You have a one-to-many relation from TableA to TableB via the AId column in TableB. And you have another one-to-many relation from TableB to TableA via the BId column in TableA. Having two one-to-many relationships in opposite direction is not the same thing as having a many-to-many relationship. Take Stefan's tagging example and consider three queries (QId1, QId2 and QId3) and three tags (TId1, TId2 and TId3). Try to express that all QId1, QId2 and QId3 are tagged each with all TId1, TId2 and TId3. You'll realize that you cannot, because you're trying to express 9 relations in only 6 available 'foreign key' fields. A true many-to-many relation requires up to MxN 'links' possible between two tables of size M and N, while your design allows for M+N (not surprising, since your design is M links in one of the 1-to-many relations and another N links in the other 1-to-many relation).
What you need is a join table. So you have an a and b table that each have a primary key. Then you create an ab table that only has 2 columns. Both are a foreign key. One goes to the a table and the other goes to the b table.
Google for "Database Normalization". You will find lots of examples.
It's possible, but you definitely don't want to do it that way.
You can use a comma separated string of identities in one of the tables.

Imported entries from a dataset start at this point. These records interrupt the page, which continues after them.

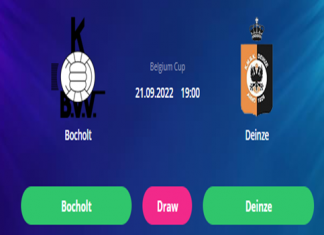 Bocholter W vs Deinze Prediction and Preview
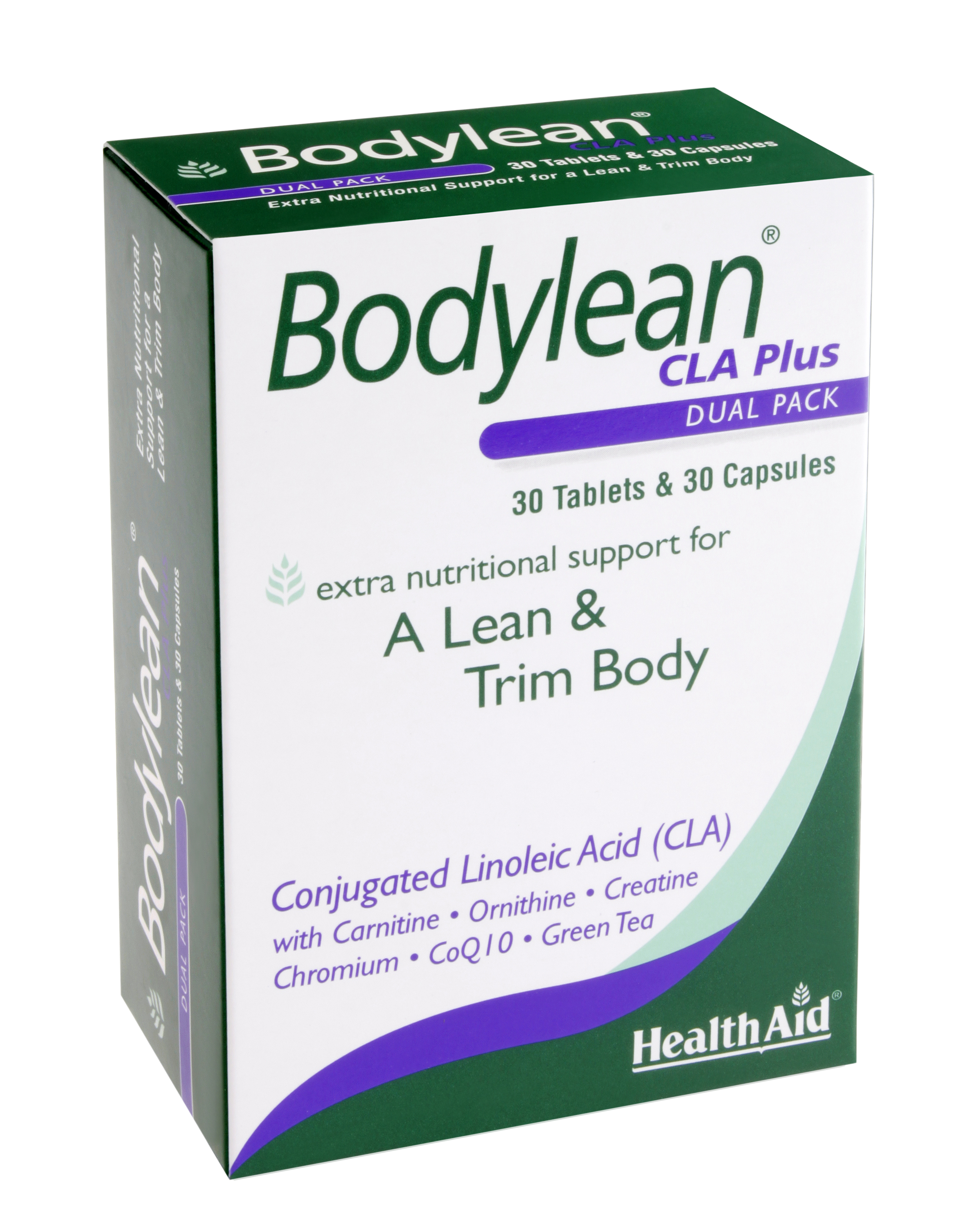Health Aid Bodylean 30Tabl + 30Caps
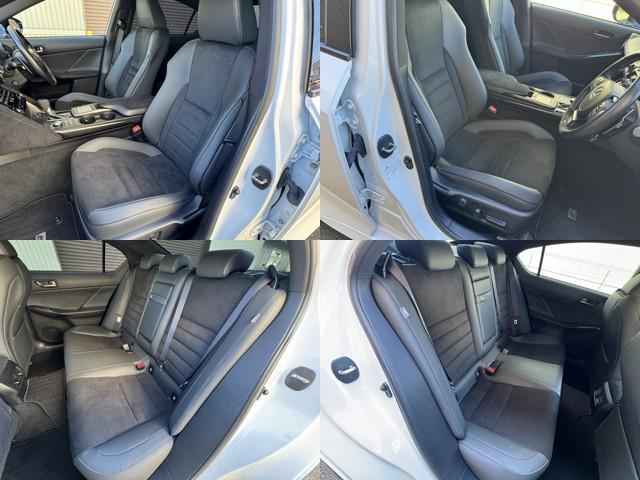 LEXUS IS IS500 F SPORT PERFORMANCE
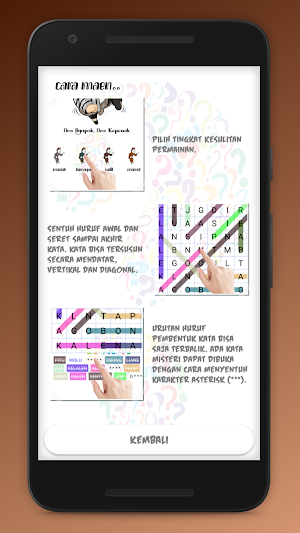 Teka-teki NGAPAK Screenshot 3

Looking up value from that table to the other is of course a major hassle. Looking up values from the the other table is a nightmare.
Using a cascading trigger with this method is of course out of the question. It might be possible by making an update trigger do the work, but the performance for that would be so bad that it's pointless.
To do this efficiently you absolutely need another table for the relations.